I think Google does all this intentionally to piss off people trying to use the "free-er" version of Chrome... let's face it, "their" aim is to create a one-fits-all spyware named Google Chrome.

Google does not want you to touch their mess.
Google does not want you to even think about going a extra mile to not have telemetry in software you use every day.

Having said all this, it really is a miracle to me that the Gentoo Chromium team had put up with this for so insanely long and I have the most respect for you guys!

W dniu 7.06.2023 o 19:45, Mike Gilbert pisze:
On Wed, Jun 7, 2023 at 9:09 AM Jeff Gazso <jeff.ga...@gmail.com> wrote:

I'm in the process of getting Gentoo dev status. I'm willing to consider
maintaining www-client/chromium. I have a high core count rack server that
should be able to handle the build process quite well. Can you give me a list
of common pain points? If that is a long conversation feel free to email me

I'll start by giving a brief overview of the Chromium release process upstream:

- 3 release channels: stable, beta, dev/unstable
- Major development occurs on the master branch.
- Once a month, a new major version is forked from master, and this
becomes the "dev channel" release series.
- Over the next several weeks in the dev channel the major version is
tested and fixed, with releases roughly once per week.
- Eventually, the branch is promoted to the "beta channel".
- A similar process occurs in the beta channel, with weekly releases
until the major version is finally promoted to the "stable channel".
- The stable channel sees around 1 to 2 releases per month, usually
with security fixes included.

Downstream, we have historically tried to keep up with all 3 channels.
Keeping the dev channel working is the biggest challenge.
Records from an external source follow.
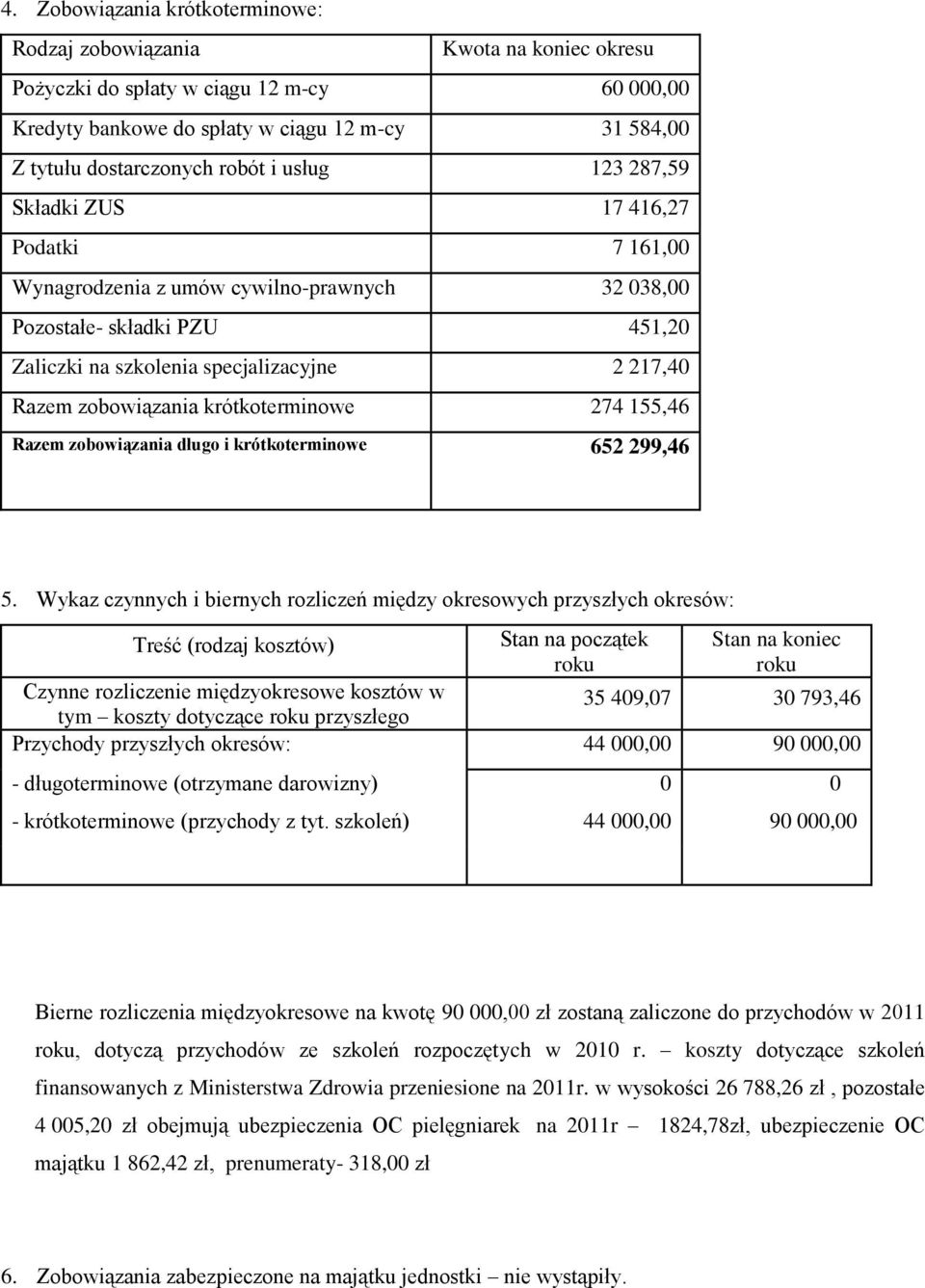 zobowiązania krótkoterminowe 274 155,46 Razem zobowiązania długo i krótkoterminowe 652 299,46 5.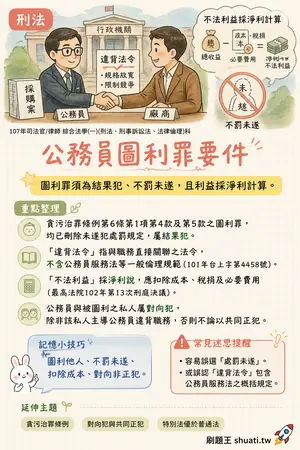 AI 記憶小卡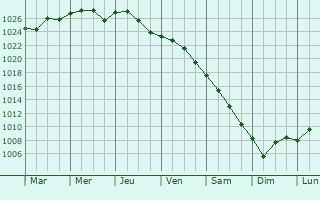 Graphe de la pression atmosphrique prvue pour Rauma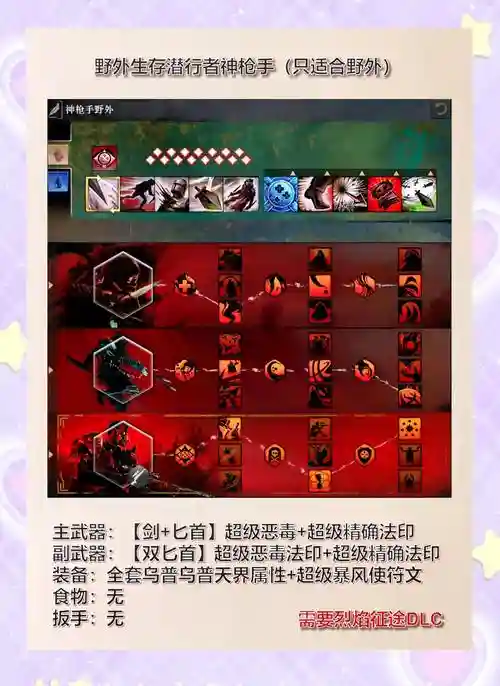 激战2不要的装备，激战2装备坏了有什么影响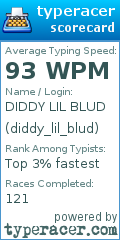 Scorecard for user diddy_lil_blud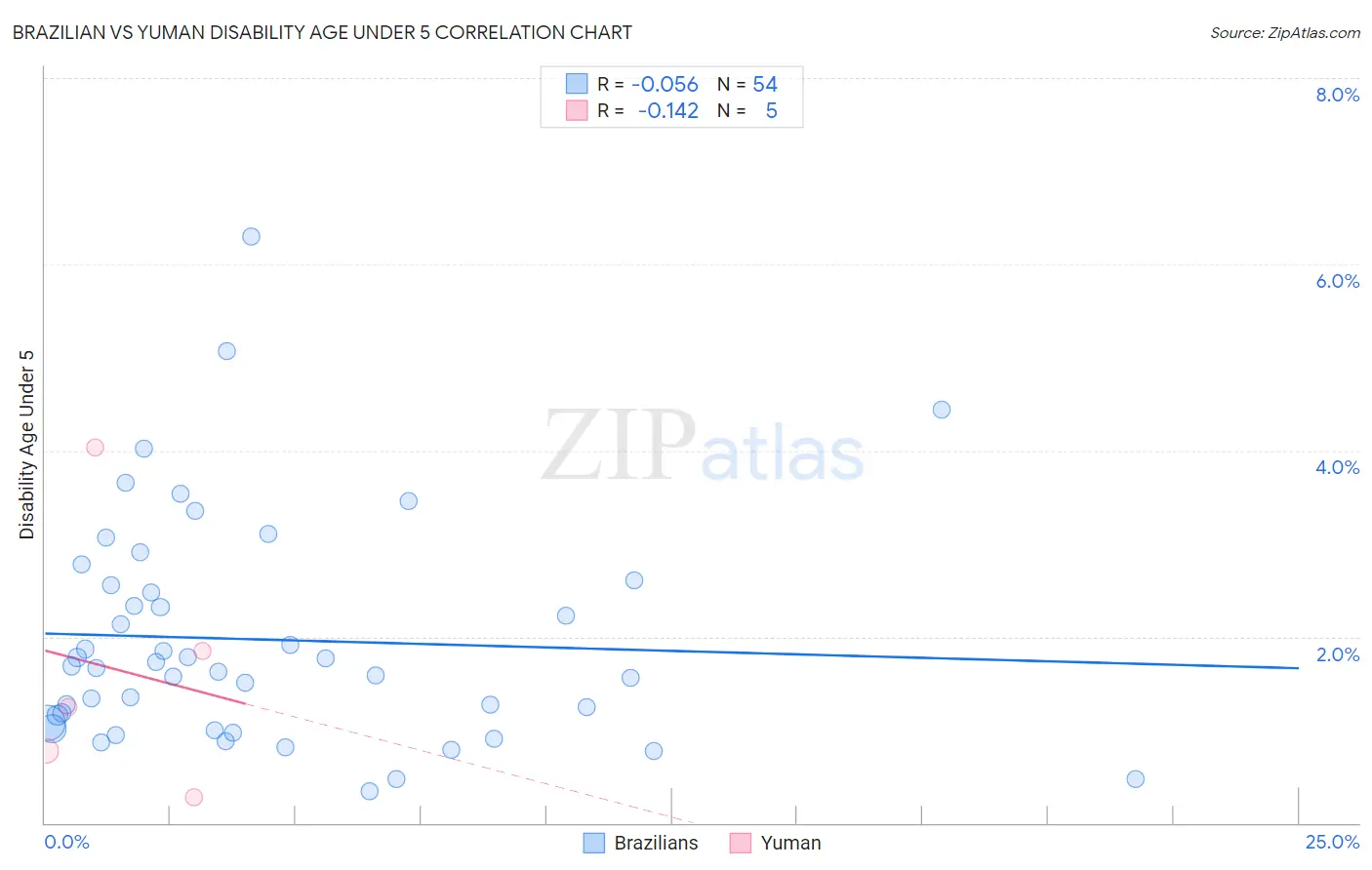 Brazilian vs Yuman Disability Age Under 5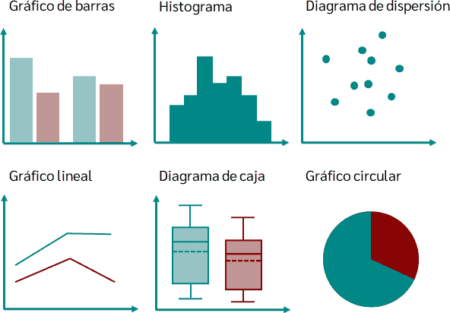 Usos prácticos de la estadística: ejemplos que te sorprenderán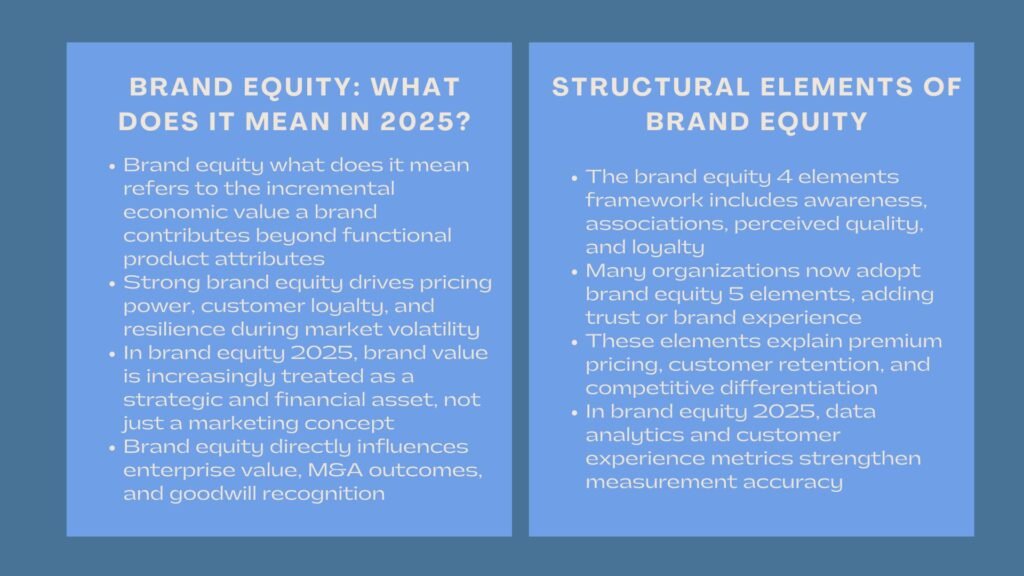Understanding Brand Equity and Goodwill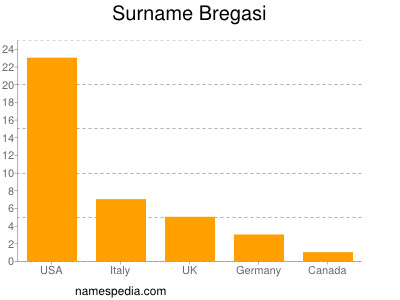 Familiennamen Bregasi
The other
channels usually just involve build testing and the occasional
backport of fixes.

Common problems:

- Across the 3 channels, you are looking at roughly 12 releases per
month. That's a lot of churn.
- The dev channel never compiles the first time you try it. There are
always problems to fix.
- Upstream only really supports using their bundled toolchain (an LLVM
git snapshot on Ubuntu). On Gentoo, we try to make it work with the
stable release of GCC and LLVM/clang.
- Upstream likes to use modern C++ features, and they write C++ code
that tends to break or is unsupported on stable releases of GCC and
- Upstream bundles many libraries. The Gentoo ebuild has some logic to
unbundle a number of these, but maintaining it is a pain.
- Using the bundled libraries sometimes is problematic, especially on
non-x86-64 targets which upstream doesn't support well.
- Upstream cross-compiles their ARM binaries, whereas we compile
natively on Gentoo. This sometimes causes conflicts.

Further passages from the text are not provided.